━━━━━ Records to process ━━━━━

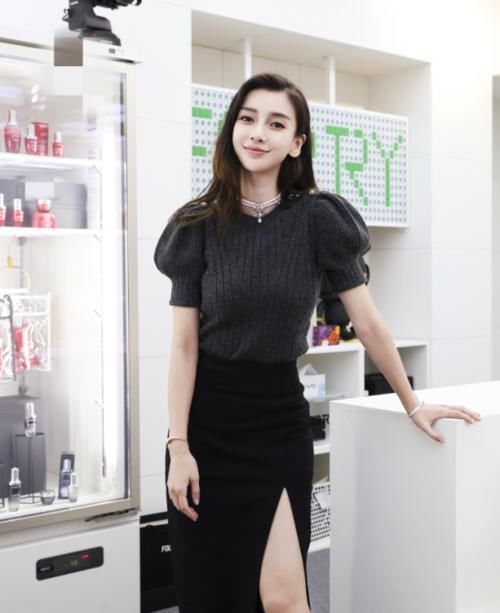 『 杨颖』不料却意外显腿长,真服了31岁杨颖!穿丝袜故意往下扯一点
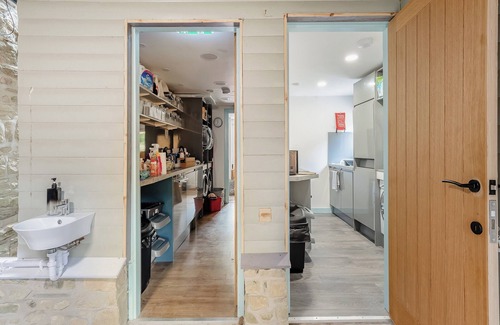 Polmont Cottage | 2 bedroom accommodation in Polmont, near Falkirk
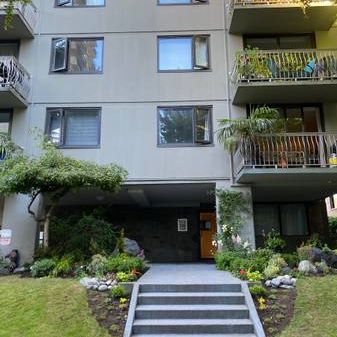 **Newly renovated** 1bedroom apartment downtown Vancouver/Davie Villge - Photo 4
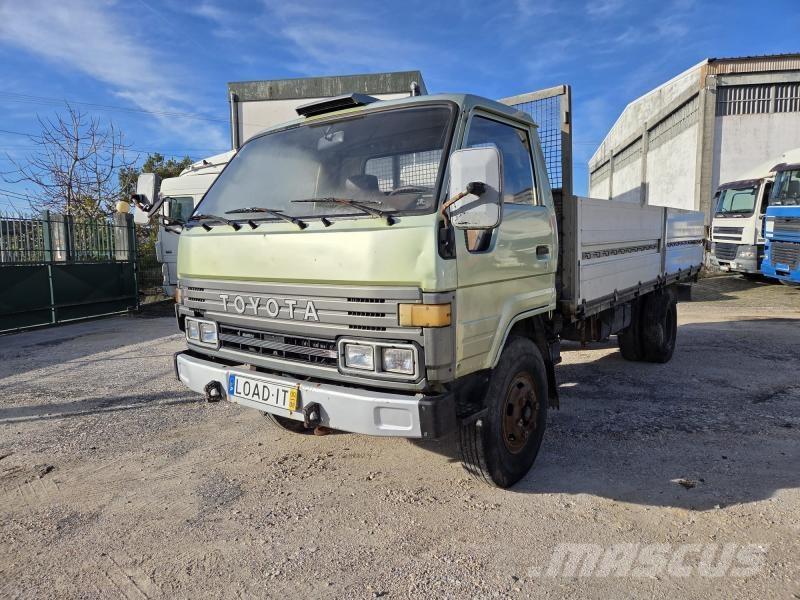 Toyota BU96L شاحنات ذات هيكل صندوقي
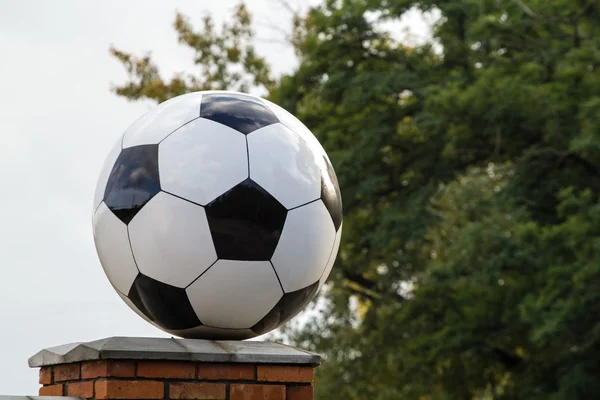 Pallone da calcio in marmo, elemento architettonico decorativo — Foto Stock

━━━━━

**What the task requires:** An exact copy of every entry, without pictures, should be your output.

**Response to the task:**
 『 杨颖』不料却意外显腿长,真服了31岁杨颖!穿丝袜故意往下扯一点
 Polmont Cottage | 2 bedroom accommodation in Polmont, near Falkirk
 **Newly renovated** 1bedroom apartment downtown Vancouver/Davie Villge - Photo 4
 Toyota BU96L شاحنات ذات هيكل صندوقي
 Pallone da calcio in marmo, elemento architettonico decorativo — Foto Stock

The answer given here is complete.